山の辺の道の春

山の辺の道へ、5年前の秋まだ桜井線に105系が走っていた時以来です。近鉄てくてくマップを改めてチェックしていると近鉄あみま倶楽部アプリでスタンプラリーを楽しめると分かり事前にインストールしておきました。踏破賞をもらうには13.8kmの石上神宮まで行かなければならず、そのつもりは無く、桜井駅から長岳寺までの8.4kmを目指します。

ひな祭りの日は上本町駅3番線と4番線に5200系が並んでいたのですが、今日の8:30伊勢中川行急行は5200系も9:14松阪行快速急行はロングシートの2800系、3月13日のダイヤ改正のせいかも知れません。それにこの間上本町駅3番線が廃止されたので、中川行急行は5番線です。

八木駅で窓の向こうに12400系、5200系より10年も古い特急車両です。車内を覗くとシートがリクライニングしない他はこちらと大差無いです。桜井に到着、スタンプラリーのチェックポイントなので最初のスタンプをゲット。

All you need is love♪

桜井駅南口に見つけた絵都蘭世(エトランゼ)という喫茶店でモーニング。トーストやサンドイッチの他に「大和の茶粥」を見つけテンションが上がりました。卵焼き、梅干し、塩昆布など10品ものおかずが付いてきてビックリ。祖父が奈良の出で、子供の時の朝ご飯の定番だった「おかいさん」、ウチのおかいさんはもっと黄色だった気がしますが味はほぼ同じです。こんなに豪華な茶粥セットにコーヒーがついて何と550円。

粉茶を入れた布袋を鍋にひっかけてグツグツ煮込んでいた祖母の姿が目に浮かびます。欲を言えば、子供の時のようにおかき(かきもち)とさつま芋のふかしたのをのせてみたい。祖父のコーヒーは粉末のネスカフェだったことも思い出しました。

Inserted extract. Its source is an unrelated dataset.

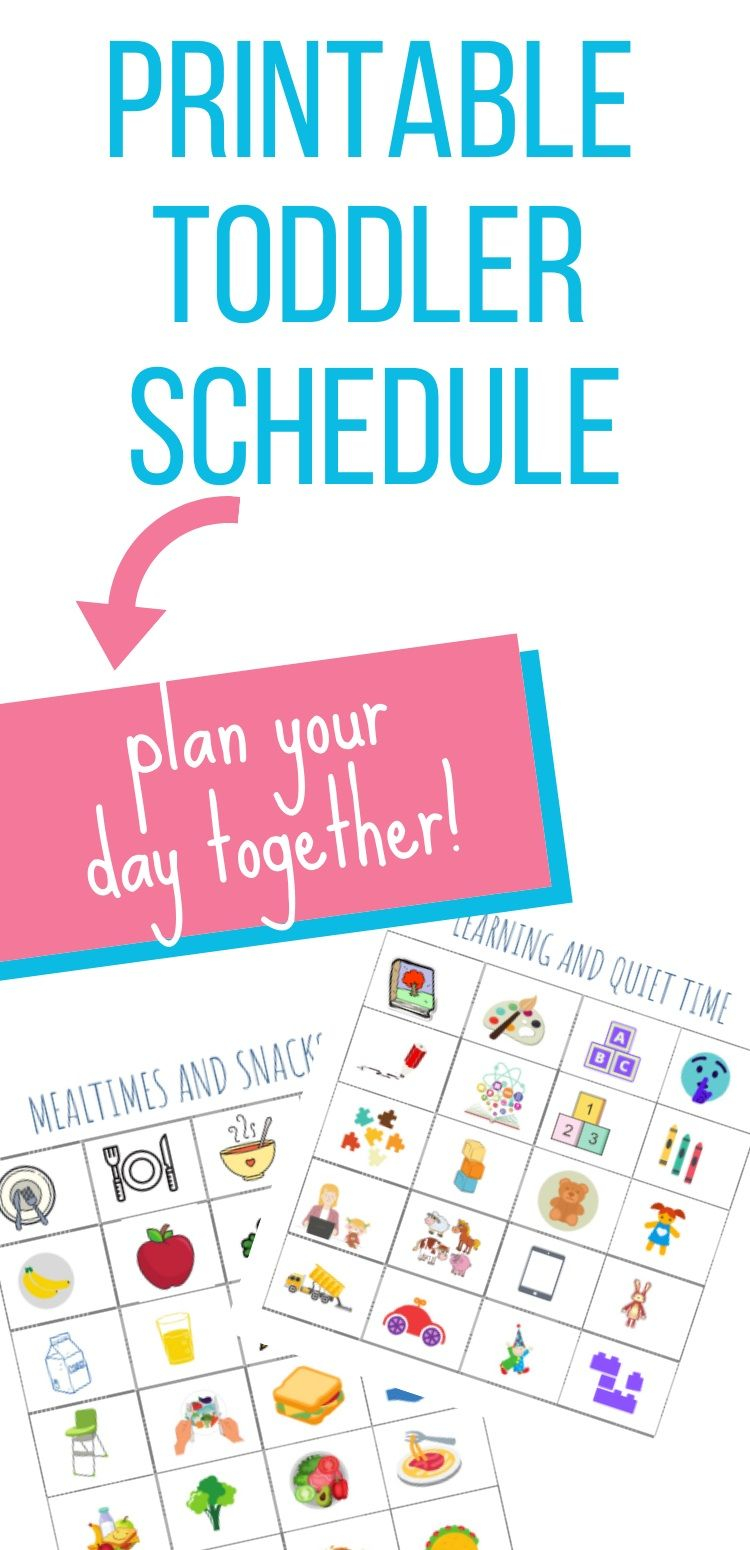 Free Printable Toddler Schedule PDF No Email Sign up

壁には花がいっぱい咲いた長谷寺。流れるBGMはLucy In The Sky With Diamond、Strawberry Fields Forever、All You Need is Loveとずっとビートルズ、常連になりたいお店です。

ちなみにこのブログのドメイン名foolontheweb.netはThe Fool On The Hillのモジリ、「丘の上の愚か者」ならぬ「ウェブにひとり立ってるアホ(変わり者)」あるいは「上町(台地)のへんくつなオッサン」といった意味です。

店頭にクレマチスの鉢。道路を渡った駐輪場前の植栽にはスノーフレーク。

駐輪場の脇を入ると桜井線の小さな踏切、カーブした線路の向こうに三輪山。振り返るとカーブした線路が近鉄をくぐり桜井駅。10分も待てば227系が来るはずですが、105系がやってくるシーンをイメージするだけにして先へ進みます。

道端にツルニチニチソウがいっぱい。

大きな木造建築は桜井高校の講堂、明治37年の建物だそうです。頭上に鳥たちの陰が見え、しきりにさえずりも聞こえてくるのですが見つけられず。

粟原川を渡る小さな鉄橋脇の小さな踏切が鳴り出し、やってきたのは8連のアーバンライナー。背景は忍坂山(おさかやま)292m、別名外鎌山または朝倉富士。

ひのとりよりカッコいいと思うアーバンライナー、西ドイツ国鉄ルフトハンザエクスプレスの403形を意識したと思われるデザインですが、403形はとっくの昔に引退しています。

桜井高校からは剣道部のバチバチと竹刀を交わす音、キエーーーと大きな掛け声が響いてきます。校内にもうひとつ古い建物、昭和16年築の文化部室(旧藤桜会館)だそうです。

水路が伸びていてその先に忍阪山。

海石榴市から大神神社

電線でイソッチがいい声で鳴いてます。自分のイヤーワームは茶粥を食べて以降ずっとAll you need is love♪

大和川(初瀬川)に出てきました。遠景は三輪山467.1m。佐保川から分かれた大和川上流部が初瀬川(はせがわ)です。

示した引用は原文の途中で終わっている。